# About this task
Retype exactly the lines of the listing below from the one with "Radio HRČAK" through the last, both included, and leave every picture out.

# Dataset
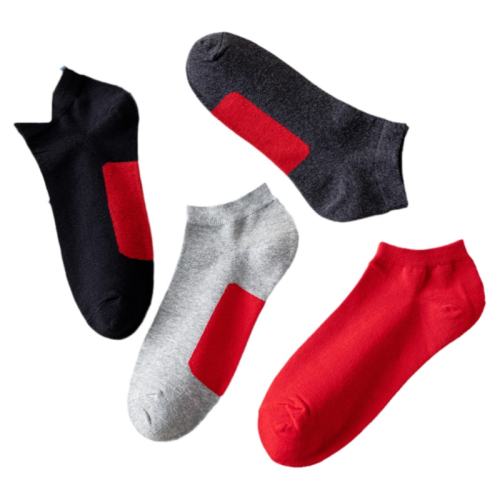 �踣����4˫/һɫһ˫ 43-46 ����������Ӵ����ļ� 16.8Ԫ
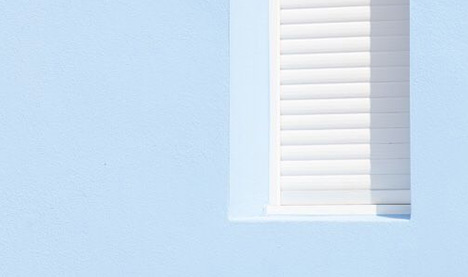 在线DDOS平台攻击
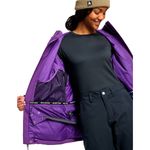 Campera-Burton-Jet-Ridge-10K-Ski-Snowboard-Mujer-Imperial-Purple-23829101500-6.jpg
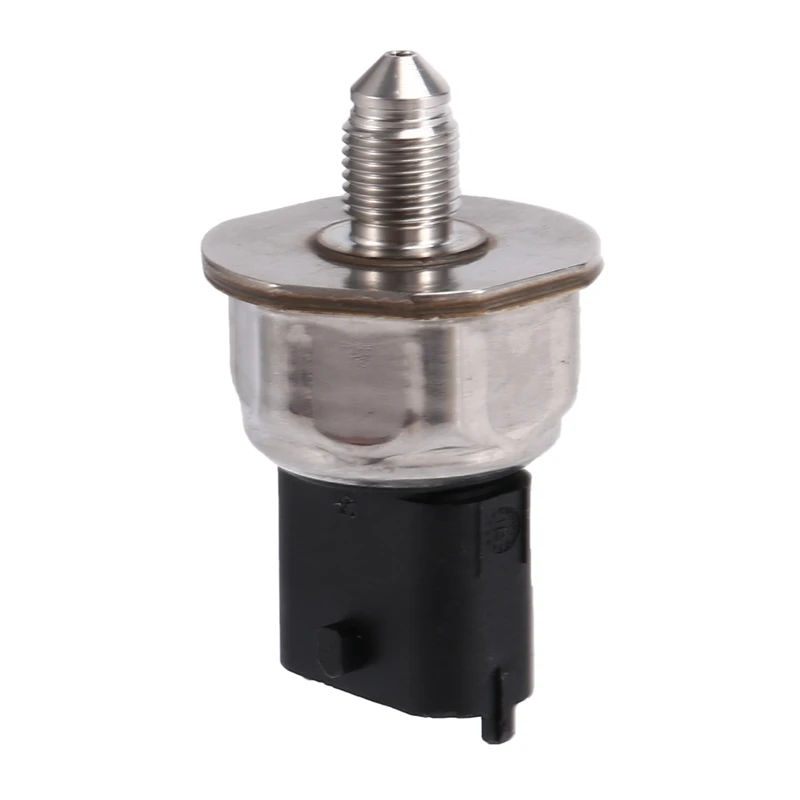 

55PP41-01 55PP4101 Pressure Switch Sensor For Kia Optima Sorento 2.0L Sportage For Hyundai Sonata 2.0L 105003-01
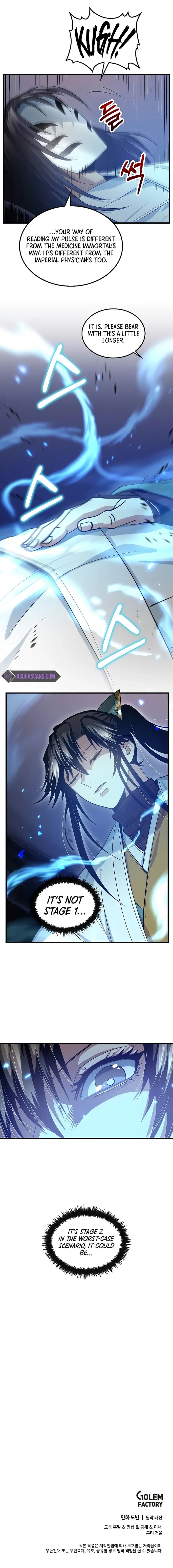 Page https://readmanhwaverse.com/images/doctors-rebirth/chapter-151/009.webp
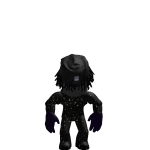 @Deadpoolcarte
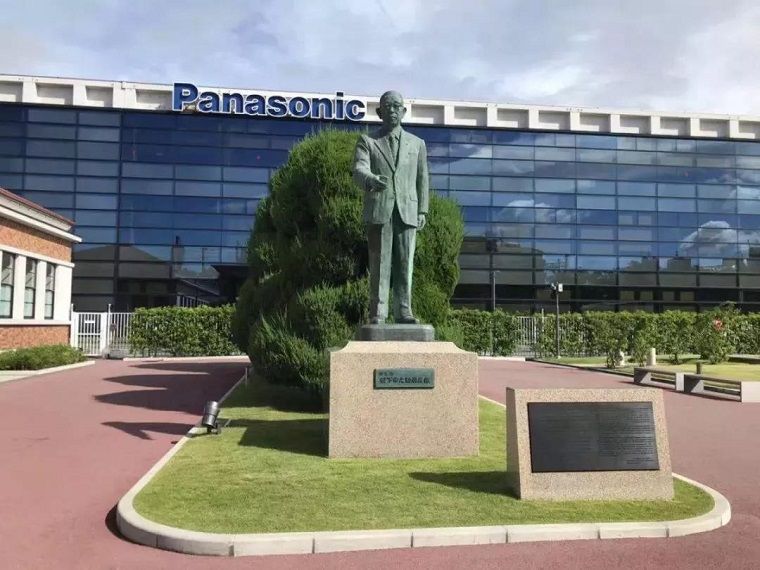 1572486090501953.jpg 微信图片_20191031093949.jpg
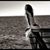 Mickalena Amira Ravotta's profile image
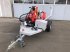 Holzspalter tipa Lancman STAWX 13 MOBIL  EL XTREMSPEED / 400V -5,5 KW, Gebrauchtmaschine u Holstebro (Slika 7)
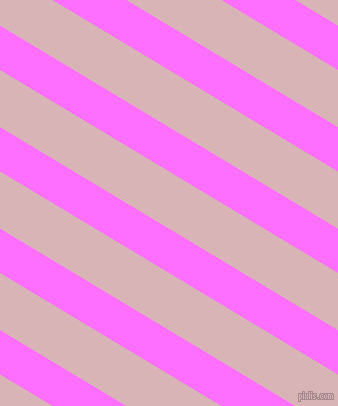 149 degree angle lines stripes, 38 pixel line width, 49 pixel line spacing, angled lines and stripes seamless tileable
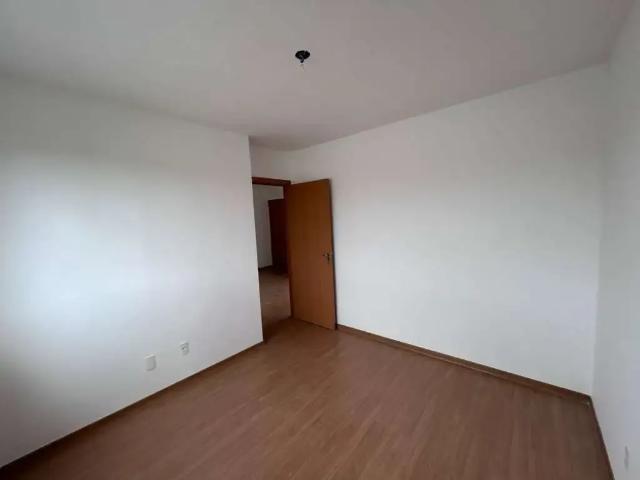 Apartamento para Venda em Biguaçu/SC Bom Viver 2 Quartos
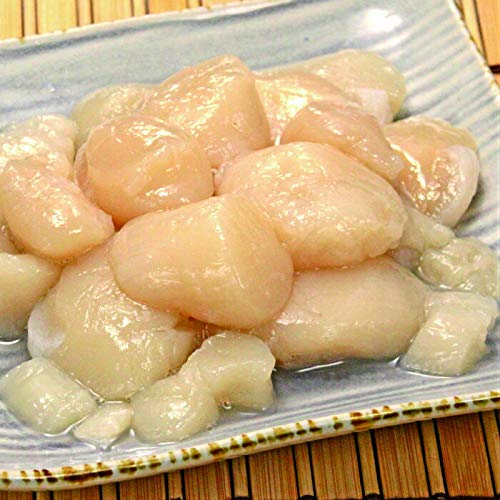 󂠂 قĊL 400g×2܁i4lOj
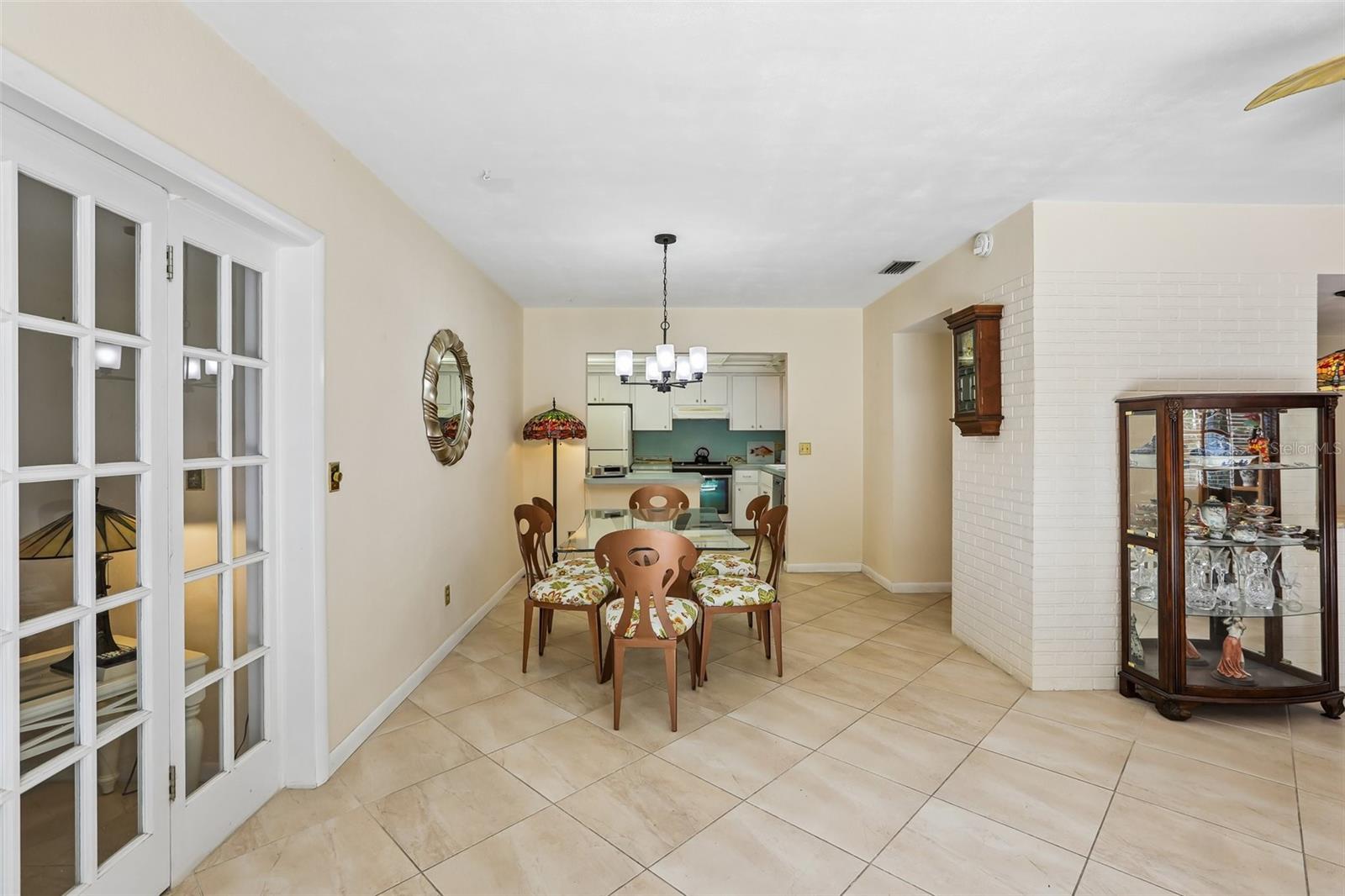 1856 SOUTHVIEW RD, LARGO, FL, 33770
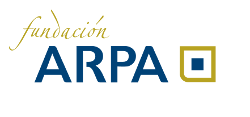 arpa_fundacion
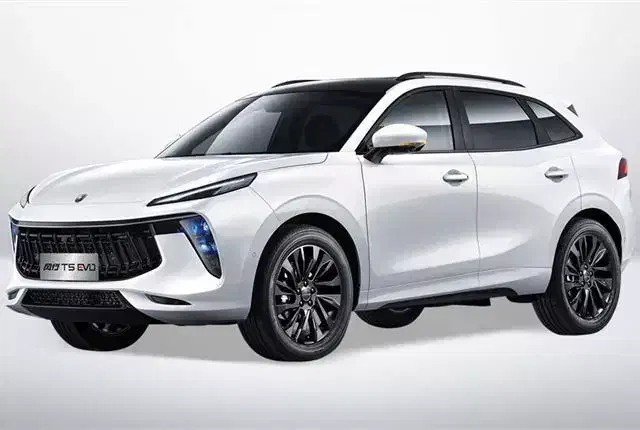 فروش لاماری ایما|خودرو سواری و وانت|هریس, |دیوار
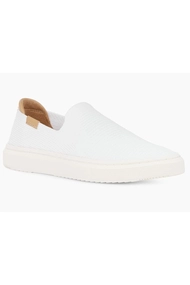 UGG W ALAMEDA SAMMY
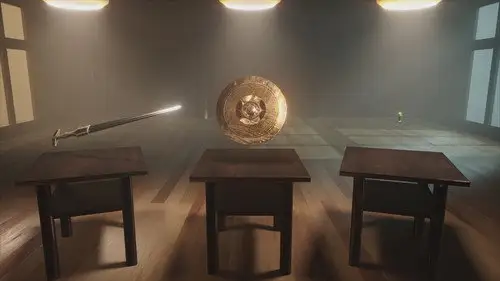 Alienígenas ancestrales Temporada 21 Episodios 17 • Sub Español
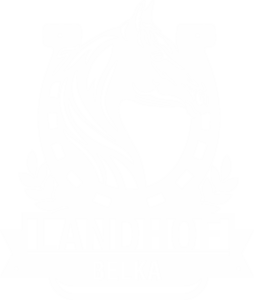 landhof-belka-logo-weiss-1 (1)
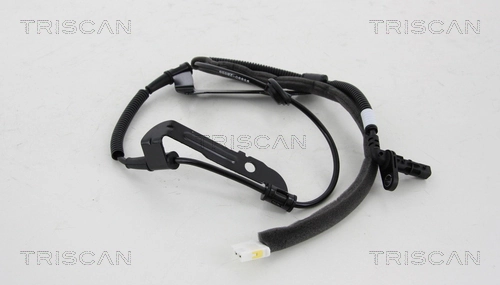ABS Sensor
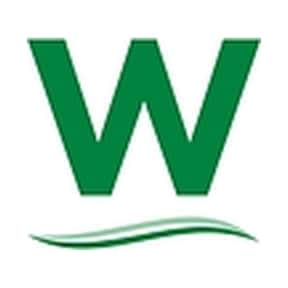 Wiltshire Council logo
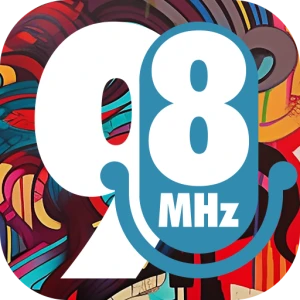 Radio HRČAK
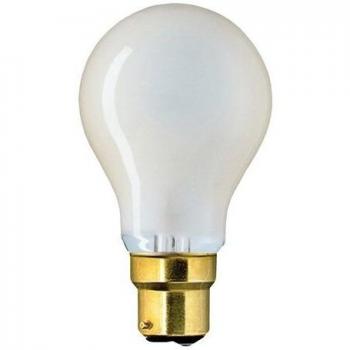 PhotoLux 275W Flood Lamp 240V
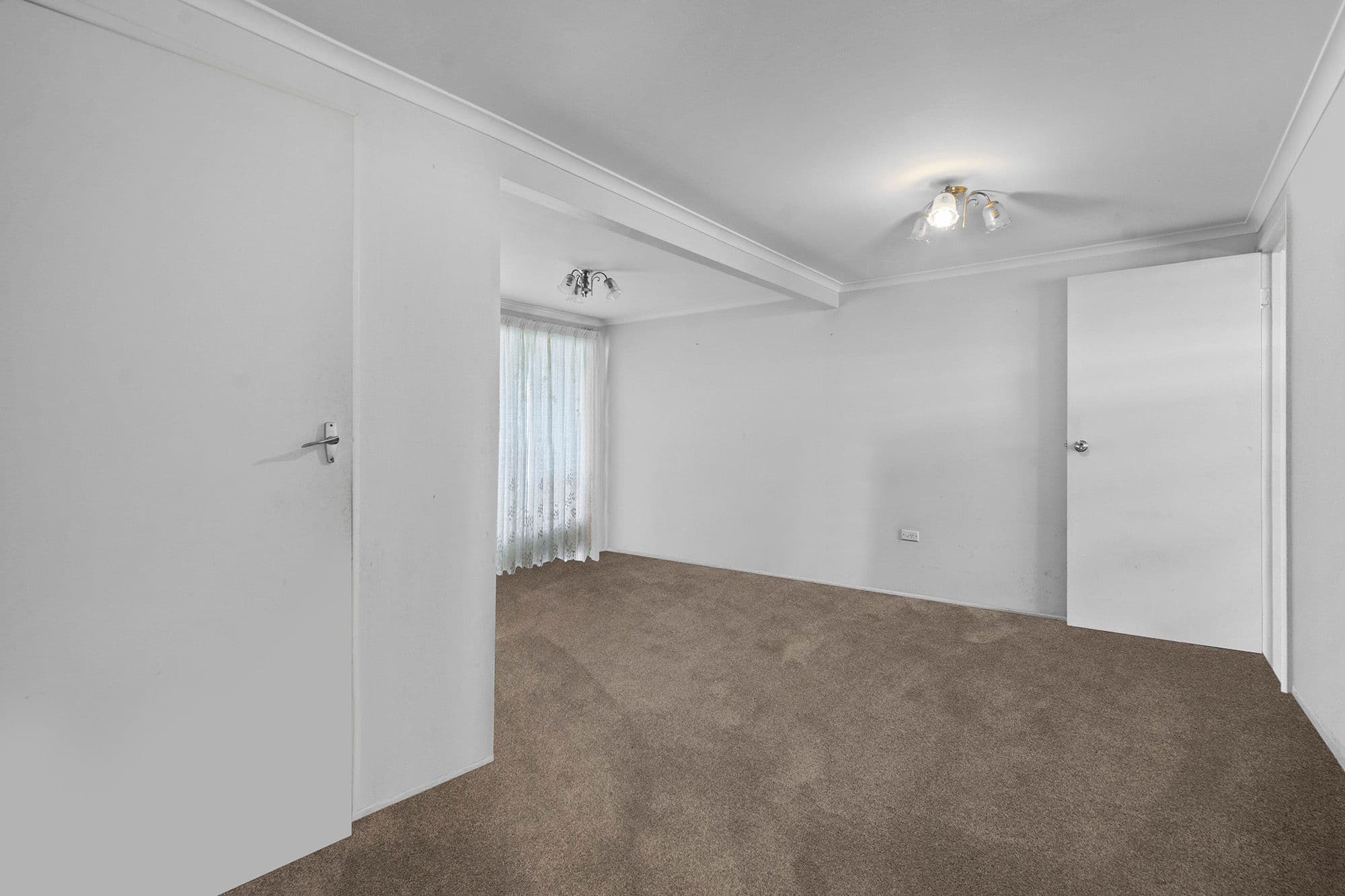 18 Camaro Street, Runcorn QLD 4113, Runcorn - Thumbnail 3
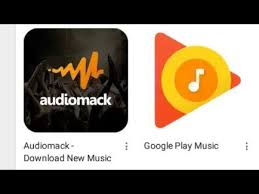 You can record spotify in two ways: Top 4 Free Best Music Downloader App 2018 On The Play Store Youtube
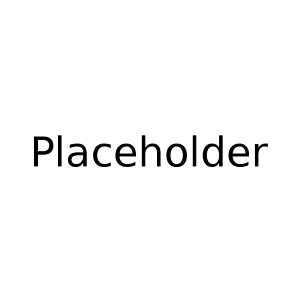 CrowdFlash 1.3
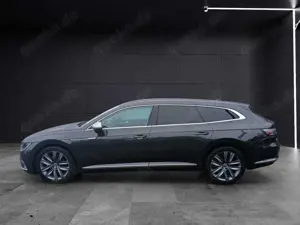 Volkswagen Arteon SB TDI Elegance DSG LED AHK Kamera ACC Bild 4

# Output for this task
 Radio HRČAK
 PhotoLux 275W Flood Lamp 240V
 18 Camaro Street, Runcorn QLD 4113, Runcorn - Thumbnail 3
 You can record spotify in two ways: Top 4 Free Best Music Downloader App 2018 On The Play Store Youtube
 CrowdFlash 1.3
 Volkswagen Arteon SB TDI Elegance DSG LED AHK Kamera ACC Bild 4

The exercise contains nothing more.